**What the task requires:** Repeat the whole listing word for word, skipping pictures.

**Given data:**

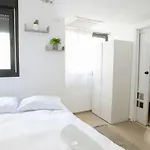 Modern Spacious Apartment Amazing Location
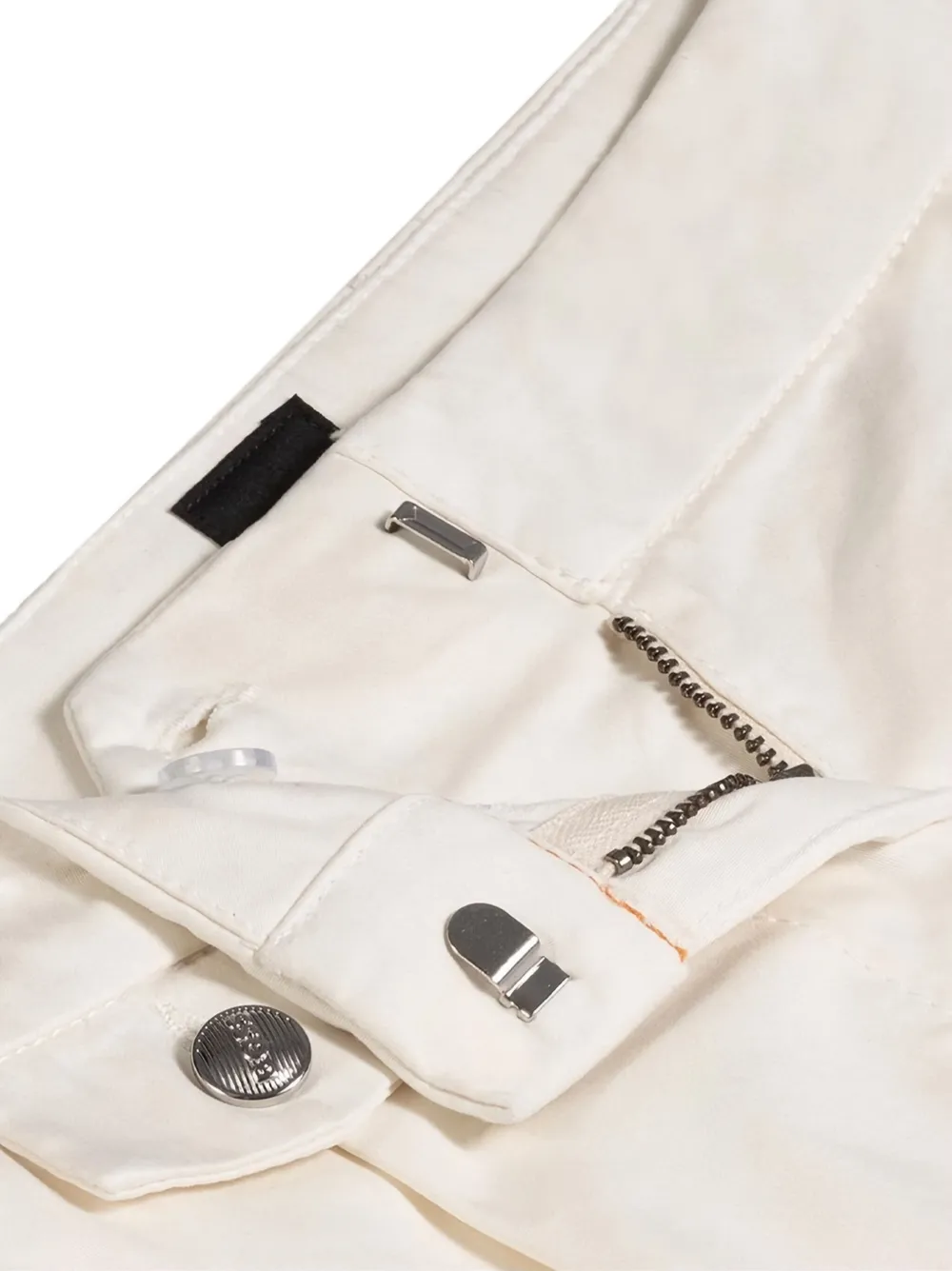 BOSS Shorts met geplooide zak Beige
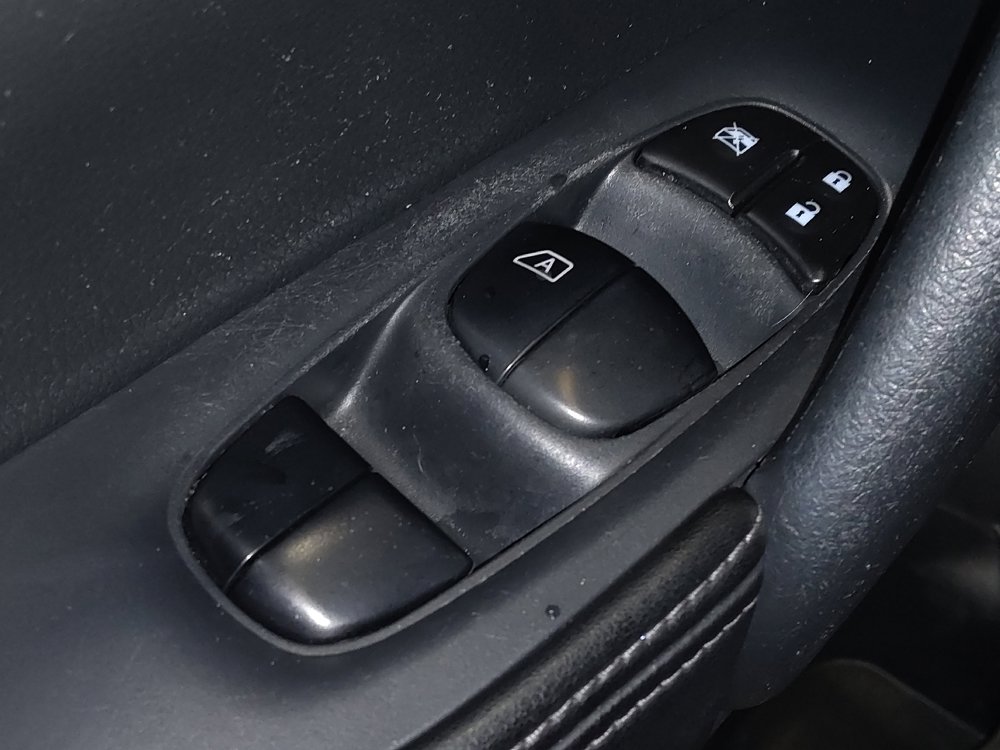 Used 2019 Nissan Rogue SL w/ Premium Package image 27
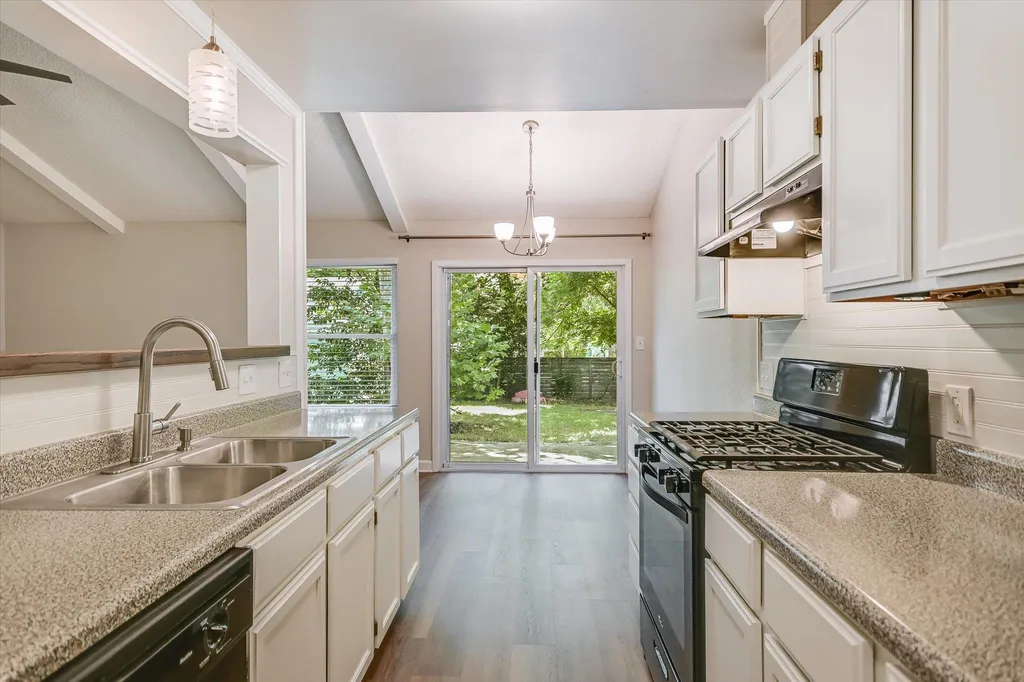 6101 Idlewood Cove Austin TX 78745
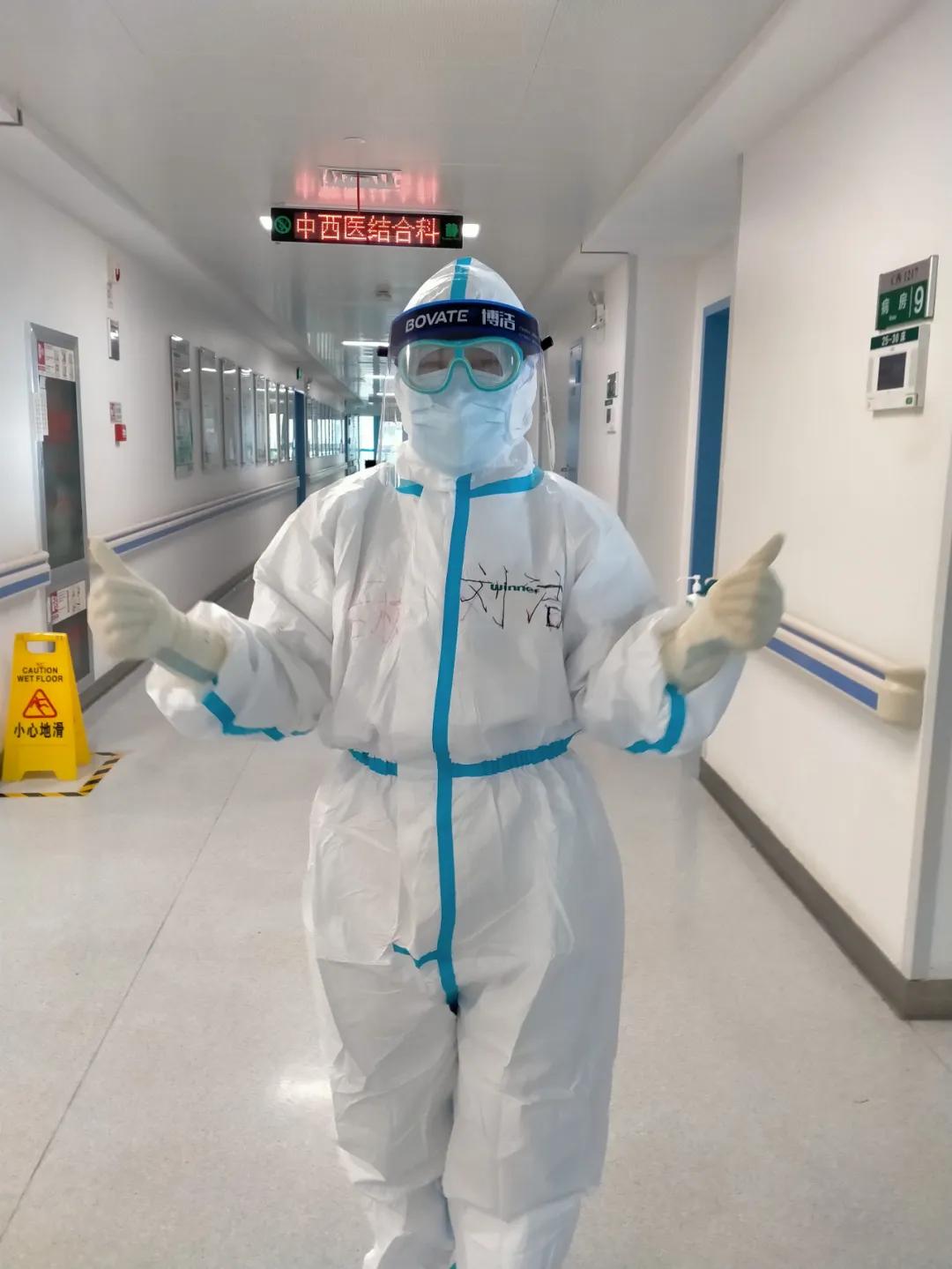 致敬2020每一个逆行的背影,回顾2019年消防员最美逆行背影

**Task result:**
 Modern Spacious Apartment Amazing Location
 BOSS Shorts met geplooide zak Beige
 Used 2019 Nissan Rogue SL w/ Premium Package image 27
 6101 Idlewood Cove Austin TX 78745
 致敬2020每一个逆行的背影,回顾2019年消防员最美逆行背影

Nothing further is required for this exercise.